Techie Pay Approaches All-time High
Stony Stevenson sent in this ITNews story which opens, "Techies were paid nearly record-high hourly wages in the third quarter, according to a new report released Thursday by staffing firm Yoh. Based on data compiled from 75 Yoh field offices and 5,000 technology professionals contracted in short and long-term projects, pay increased an average of more than 5.5 percent for the quarter ended Sept. 30, compared to the same period last year."
McDonald's workers were also paid more than any other time in history. If you are going to a study like this without adjusting for ever-present inflation, then of course you will constantly see new records.
> Compared to the same months in 2006, hourly wages for techies in 2007 rose 6 percent in July, 4.64 percent in August, and 5.79 percent in September.

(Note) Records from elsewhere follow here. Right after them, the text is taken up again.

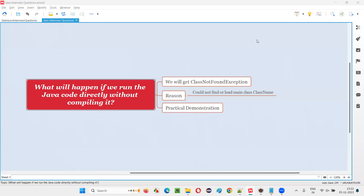Hello all, welcome to this session. In this session, I am going to answer one of the Java interview questions. That is, what will happen if we run the Java code directly without compiling it? Let me answer this question.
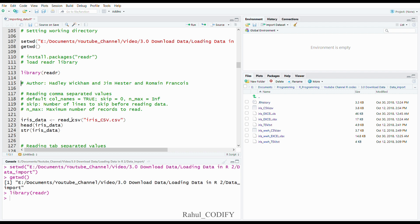First I'm going to show how to read a CSV file — comma separated value where observations are separated with commas. Use the read_csv() function from the readr package. This function has certain default arguments: col_names equal to TRUE, skip equal to zero, and n_max equal to Infinity. 'skip' means number of lines to skip before reading data, and 'n_max' is the maximum number of records to read. I'm reading the iris_CSV.csv file and storing it in the object iris_data.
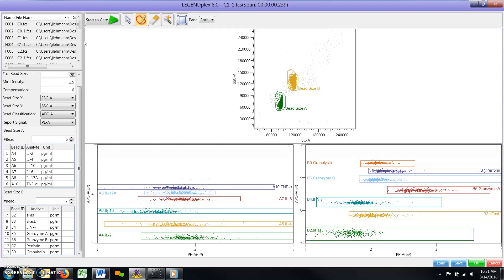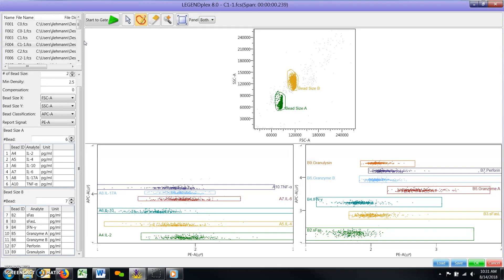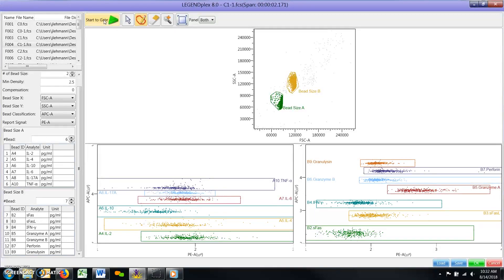If you feel confident in your cytometer setup, you can use the software's auto-gating function to apply gates instead of manually drawing them yourself. This is accomplished by clicking the green start to gate icon found at the top of the window when you are ready to start gating. The software will then apply gates, which will be displayed on the scatter plots.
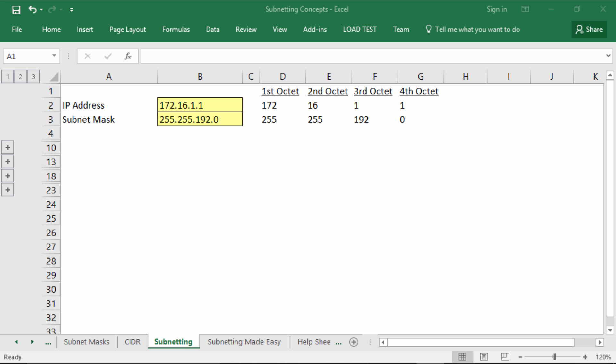We're going to use the subnetting tab in our spreadsheet to teach you the process of subnetting the traditional way. You'll notice that we have an IP address and a subnet mask, and those have been split out into the four octets. You can see the decimal representation for each octet for the IP address and the subnet mask.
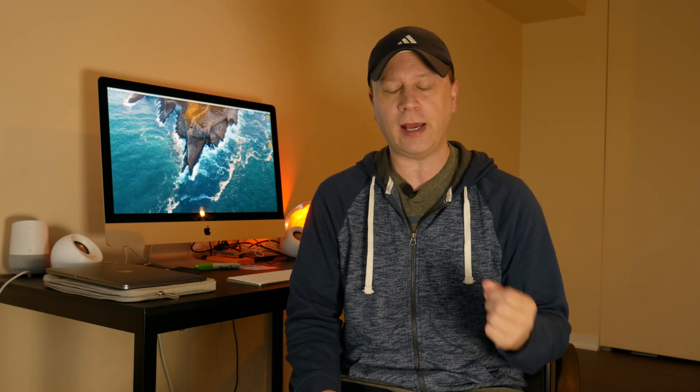I think we can. Alright, so in this video, and I do have some notes because there's a lot of stuff to cover here, I wanted to go through and show people, can we predict how fast the new MacBook silicon is going to be for the new MacBooks? And I think we can do that.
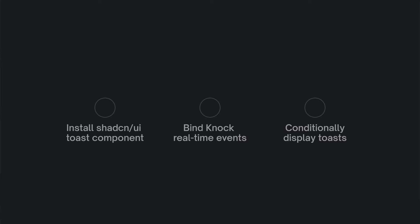In this video, we'll cover installing the ShadCN UI toast component, then bind that toast component to real-time feed events from Nock, and then look at how we can conditionally display toasts based on the message payload. Toasts are a common part of most apps, but making them respond to real-time events from other users is pretty cool. So let's get started.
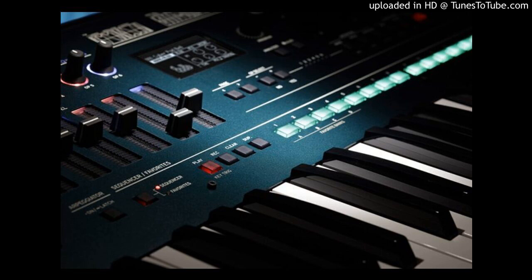Korg Opsix Altered FM Synthesizer. The Opsix represents a new and expansive reimagination of classic digital synthesis.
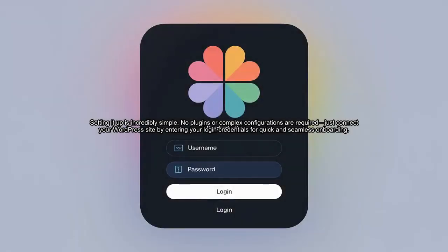Setting it up is incredibly simple. No plugins or complex configurations are required. Just connect your WordPress site by entering your login credentials for quick and seamless onboarding.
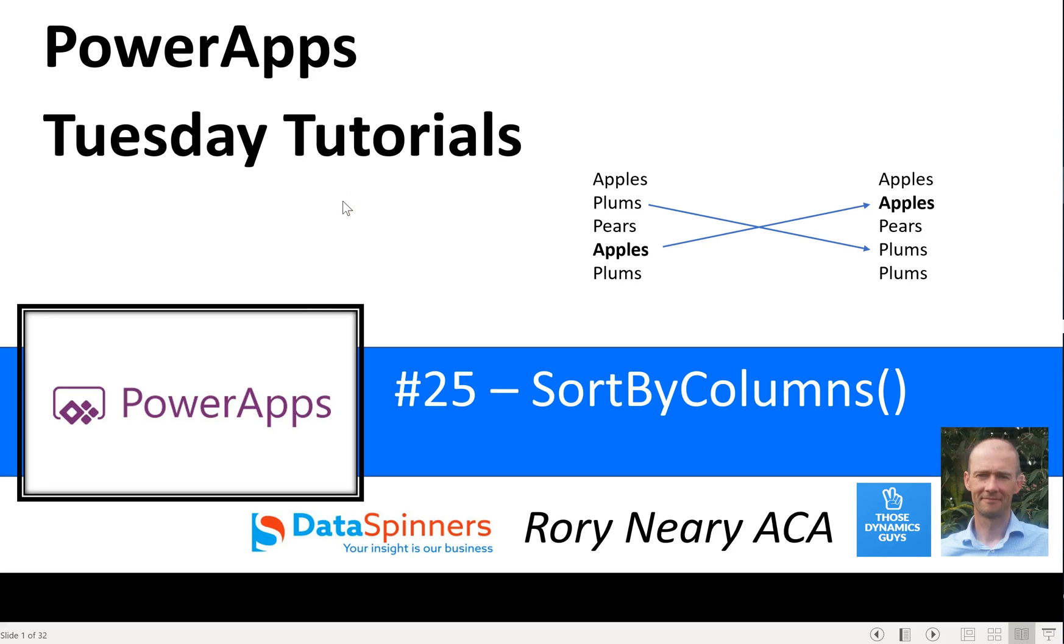Hi everyone, Rory Neary from Dataspinners and ThoseDynamics. Guys, today I'm doing Tuesday tutorials on SortByColumns.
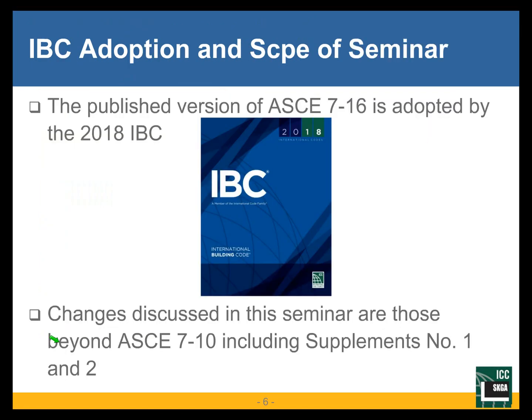ASCE 7-16 — the book you saw on the earlier slides — its provisions, not its commentary, have been adopted by the 2018 IBC, which has been out for quite a while now. It is being adopted slowly but surely by jurisdictions. Significant jurisdictions, particularly in Nevada and Arizona, have already adopted the 2018 IBC.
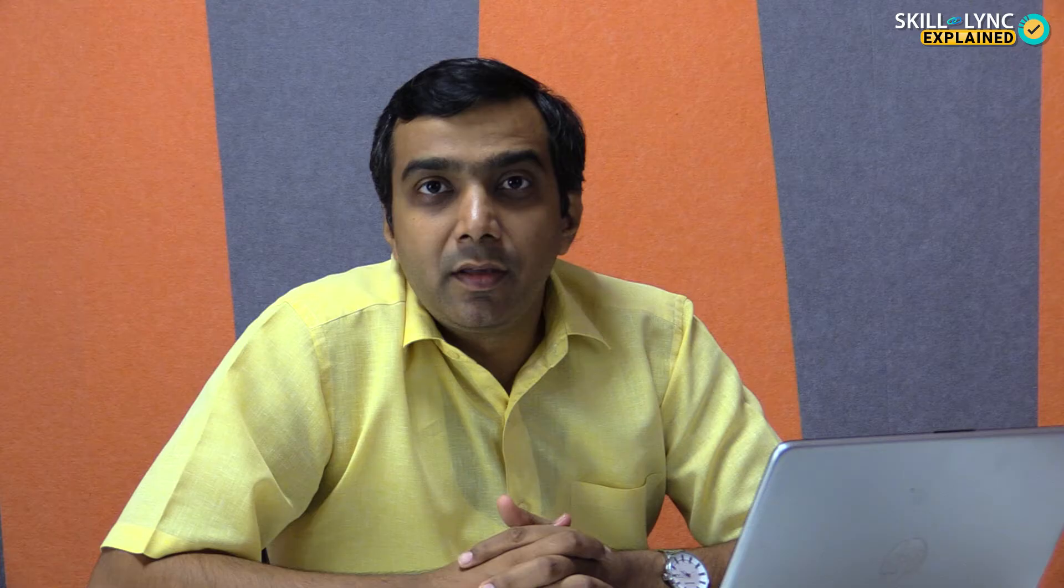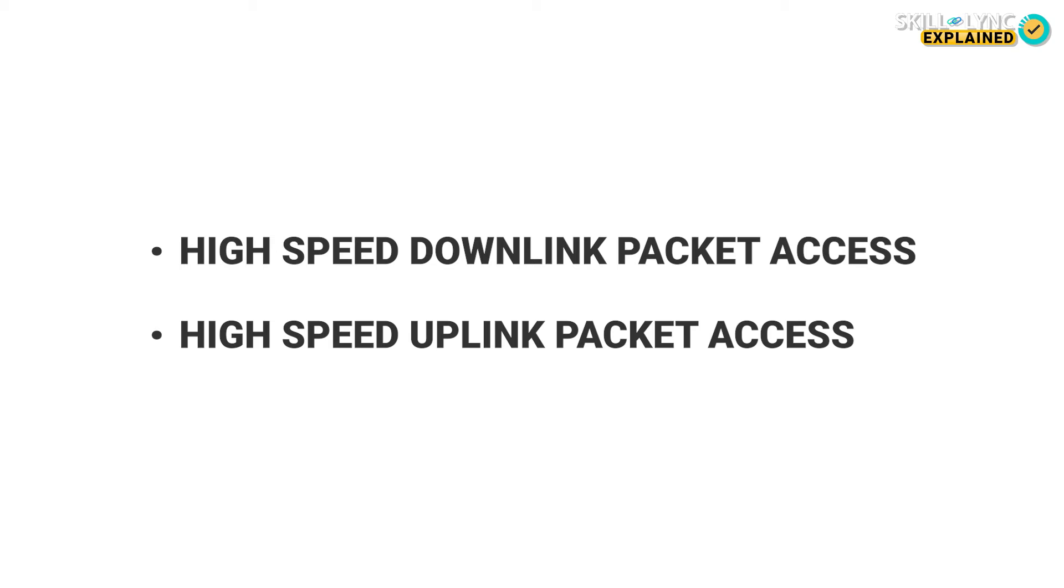3G gained a lot of popularity which resulted in what is called as the Third Generation Partnership Project which was a collective of nations working towards developing the technology further. The result of this was HSPA or High Speed Packet Access which came to be known as 3.5G. HSPA was a collective technology that included HSDPA and HSUPA which enabled download speeds of 14 Mbit per second and upload speeds of 5 Mbit per second respectively.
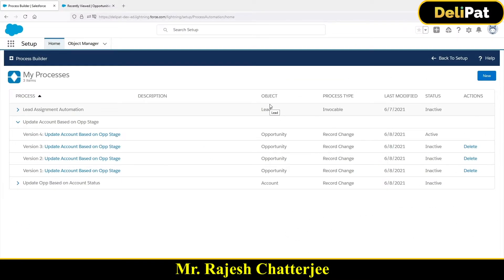In the last video we saw how to use Process Builder to create or update any record. In this video we're going to explore something called Invocable Process Builder. For that, let's define a requirement and then try to fulfill it with the invocable process. The requirement will be a kind of add-on to the previous automation we had done - let me just open the same process builder.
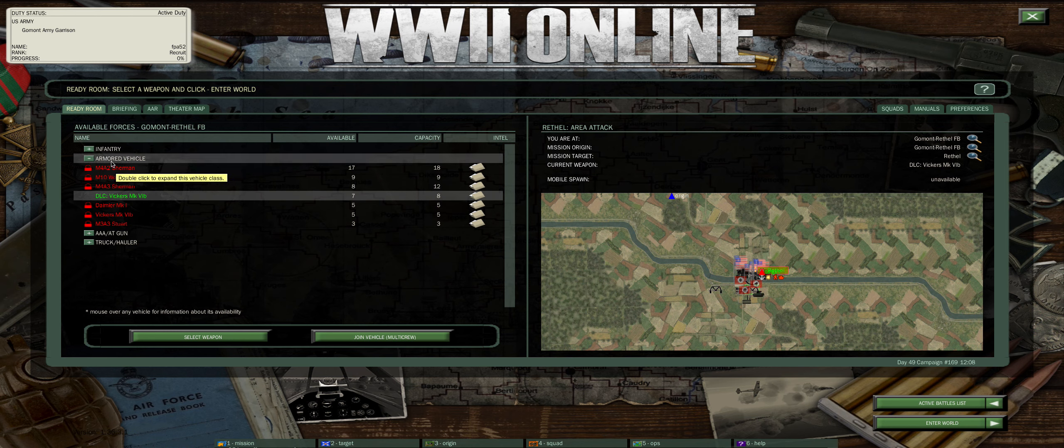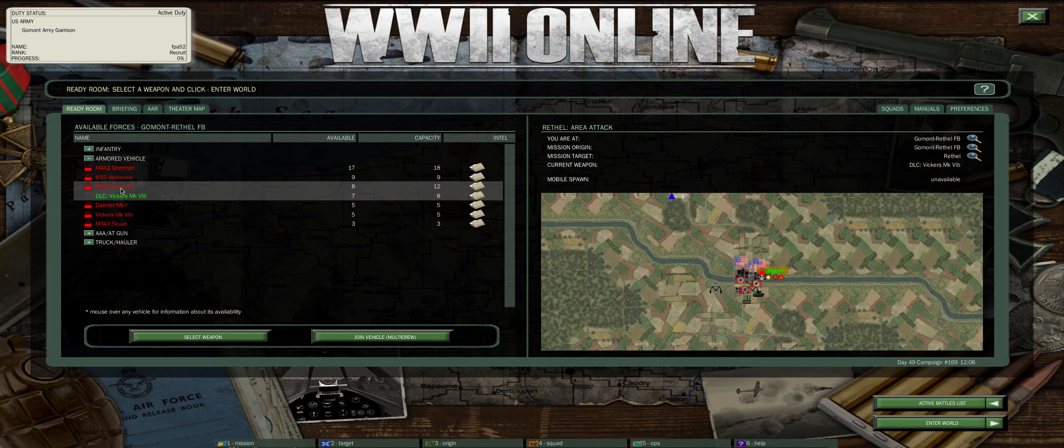You want to go to the vehicle section. In this case we're going to be armor. As a free player, this is what I have available.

Compared to the value of the US dollar against every major currency in 2006, hourly wages for US-based techies are still down 5-10% year over year.
Pay there is DROPPING about 5% a year-both in actual pay and in the amount of responsibility for the same pay. As (clueless) broadcasting groups buy more stations, they expect the existing tech. staff to assume the burden of the extra work-with no more pay or assistance. The pay used to work out to about $15K per station. Then it dropped to 12K. Now it's at about $9K, which means that the average radio broadcast engineer makes about $60K for servicing 7 stations. This many stations means that all he's doing is running around putting out fires all the time.
XE says the US dollar is worth about 96.6 Canadian cents.